Battery Aachen – 1915

Our story starts in the first months of the first World War, then called the Great War.  After conquering most of Belgium in October 1914, the German army consolidated its positions. Shortly after that, the construction started of a string of coastal defense units.

bouw geschutstellingen

Construction of the artillery positions of Battery Aachen in January 1915

bouw geschutstellingen

Construction of the artillery positions of Battery Aachen in January 1915

installation artillery piece

Installation of one of the artillery pieces in early 1915

The construction of Battery Aachen started in January 1915, at Raversyde, a village on the outskirts of Ostend, Belgium. Battery Aachen was the first of a long chain of defensive units along the Belgian coast: west of Battery Aachen was the front line, on the east side was Battery Antwerp.  The unit contained two observation bunkers, four artillery positions, housing for the staff, ammunition depots. Battery Aachen was build on the Royal domain and the royal villa was even burned down and replaced by an artillery position.

Battery Aachen 1915

Overview of Battery Aachen as build in 1915 (image: Visual Dimension bvba)

The artillery (15 cm SK L/40) was positioned in open concrete structures, on top of a double storage room that was partially underground.  A double rail track allowed to bring ammunition from the central ammunition bunker to each of the artillery positions.

Battery Aachen 1915 - artillery

The artillery of Battery Aachen consisted of four 15 cm guns (image: Visual Dimension bvba)

Battery Aachen 1915

The new Battery Aachen in spring 1915

A small detail in the image below: the railings of the Royal villa were reused in each of the artillery positions. And the commander seems to be quite proud of the neat result… At least the concrete was of very good quality, as today it is 100 years old and still in a nearly perfect state.

artillery position in 1915

The only close-up photograph of an artillery position at Battery Aachen (1915)

Krupps 15 cm gun

The artillery positions were probably using this Krupps 15 cm gun

Under the concrete platform was a basement in which the charges (right) and the projectiles (left) were stored.

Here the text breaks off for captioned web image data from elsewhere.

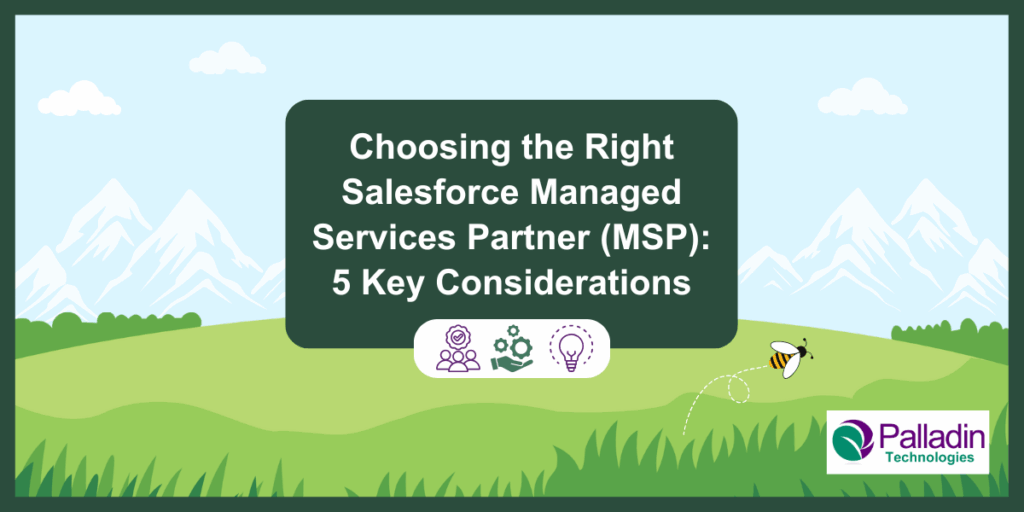 Managed Services Partner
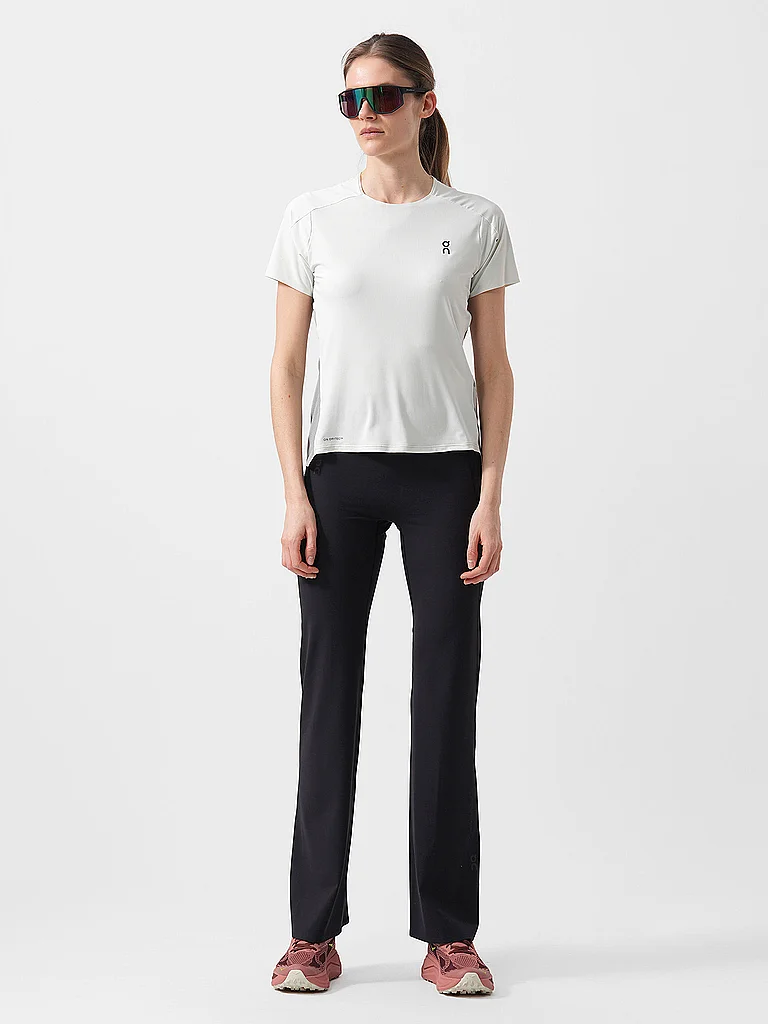 ON Jogginghose Studio Flared schwarz | L — Bild 3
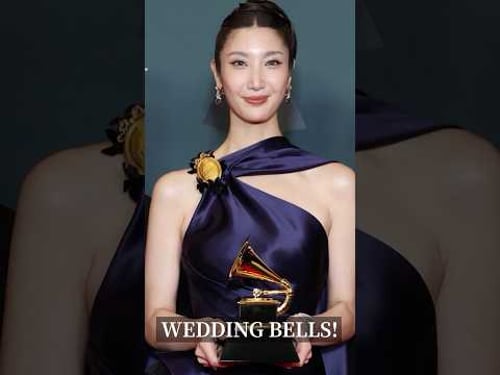 Grammy-winning K-pop artist EJAE set to marry in November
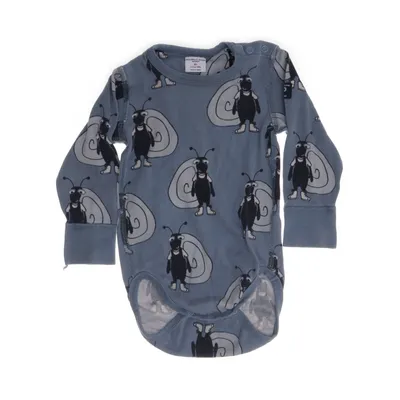 Body (Blå, Flerfärgad) från Polarn O. Pyret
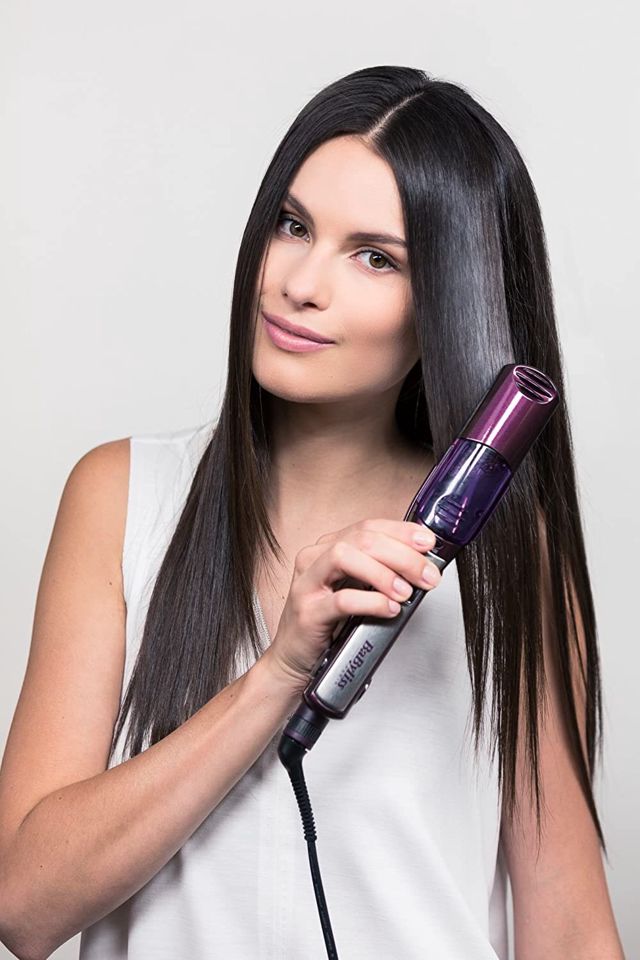Babyliss Paris Coffret Lisseur Vapeur iPro 230 ST396E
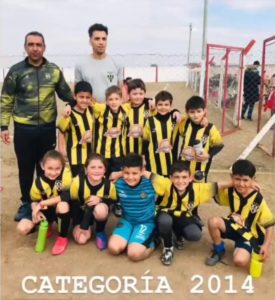 Palomeritos 2014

These were transported on rail from the storage to the artillery position and transferred to these storage spaces through small openings in the front.  Wooden doors gave access to stairs leading down in these storage spaces.  Ammunition was raised to the gun platform through a small hand-drawn elevator.

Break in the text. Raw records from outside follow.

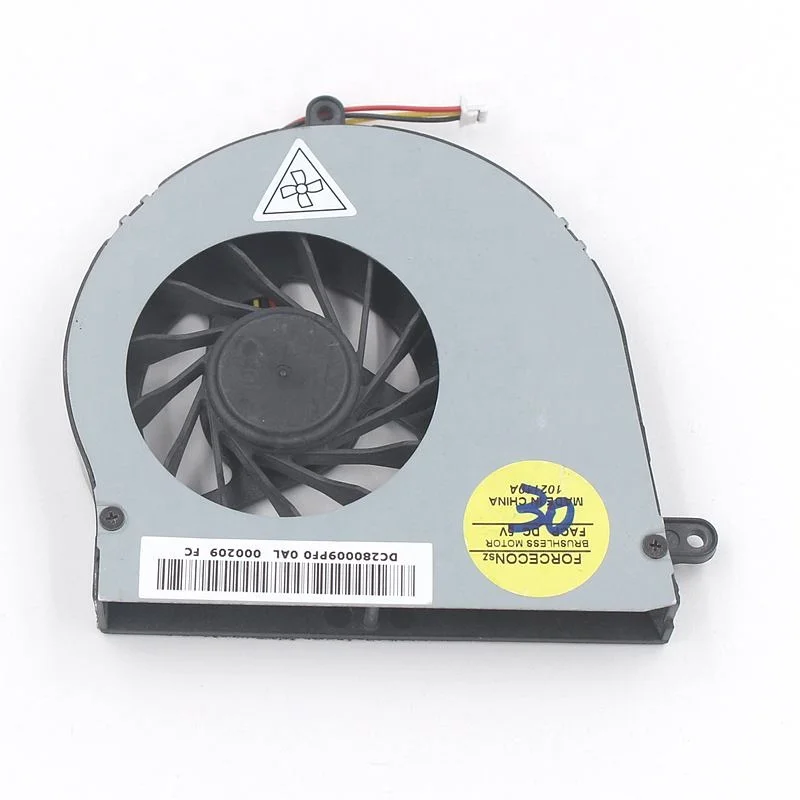  Новый Кулер для ноутбука охлаждающий вентилятор процессора Acer Aspire 7560 7560G 7750 7750G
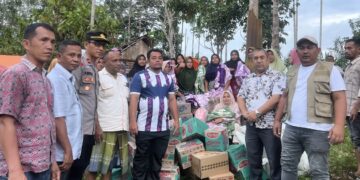 Bupati Al-Farlaky Kirim Logistik Untuk Korban Banjir Susulan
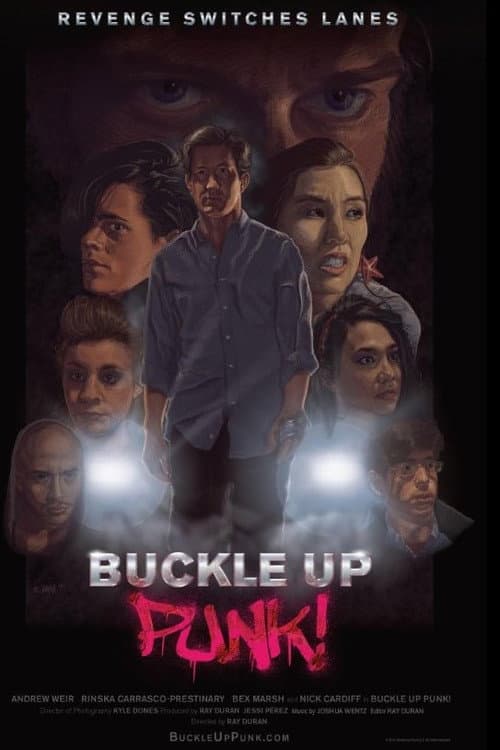 Poster for Buckle Up Punk!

Battery Aachen 1915 - artillery unit

Battery Aachen 1915 – artillery units (image: Visual Dimension bvba)

The artillery pieces were aimed at the sea, but were used only a few times to counter attacks by Allied ships.  Instead, from this position, the inland front line was bombarded regularly. The first inland bombardment on Nieuwpoort took place on May 5, 1915.

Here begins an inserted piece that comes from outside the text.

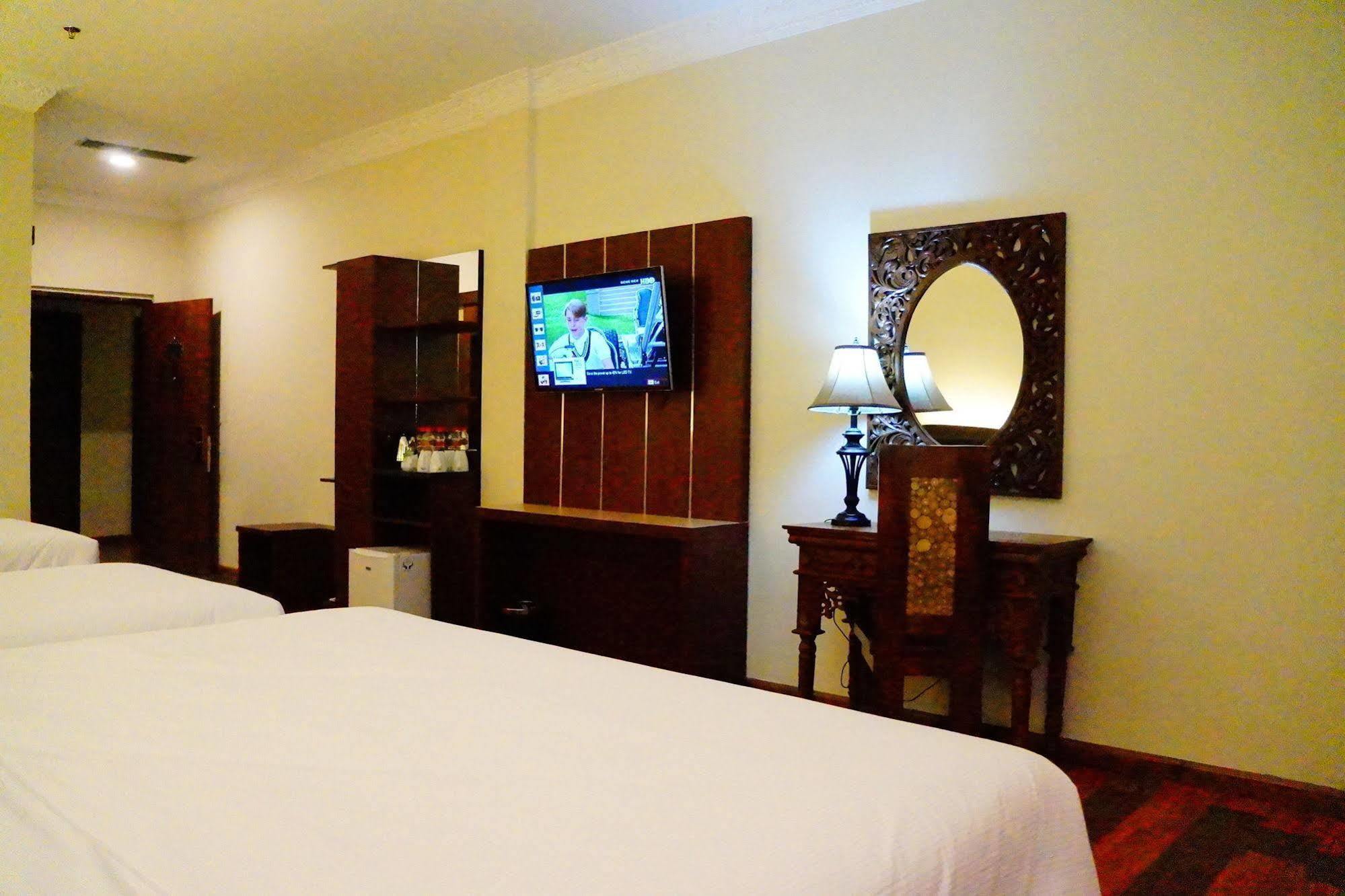 ดี ซัลวาตอเร อาร์ต แอนด์ บูทิก โฮเต็ล Hotel Maguwo ภายนอก รูปภาพ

Battery Aachen 1915 - artillery unit

Battery Aachen 1915 – view from the artillery unit towards the sea (image: Visual Dimension bvba)

artillery gun at Battery Aachen

One of the 15 cm artillery guns at Battery Aachen (1915)

Today, these four artillery positions are the most authentic parts of Battery Aachen in the Raversyde open air museum, as they have not been reused in the second World War.  Two positions have been made accessible to the public, two positions are well preserved but covered by sand.

artillery position today

The artillery positions of Battery Aachen in their current state (photograph: Daniel Pletinckx)

The concrete structure and the attachment of the artillery piece is very well preserved. Only the entrance part has been slightly modified after September 1915 in order to be able to remain operational during attacks and bombardments.

artillery position today

The well preserved concrete structure of an artillery position  (photograph: Daniel Pletinckx)

The short animation below shows a bit the atmosphere of Battery Aachen and indicates briefly the sources that were used to make this virtual reconstruction.  Don’t forget that the first plane was flying in Belgium only 7 years before this scene in 1915.  The pilot, Henri Farman, was instrumental in the development of military planes in that period.  The Great War was not only cruel and insane, but also a major driver of technological development.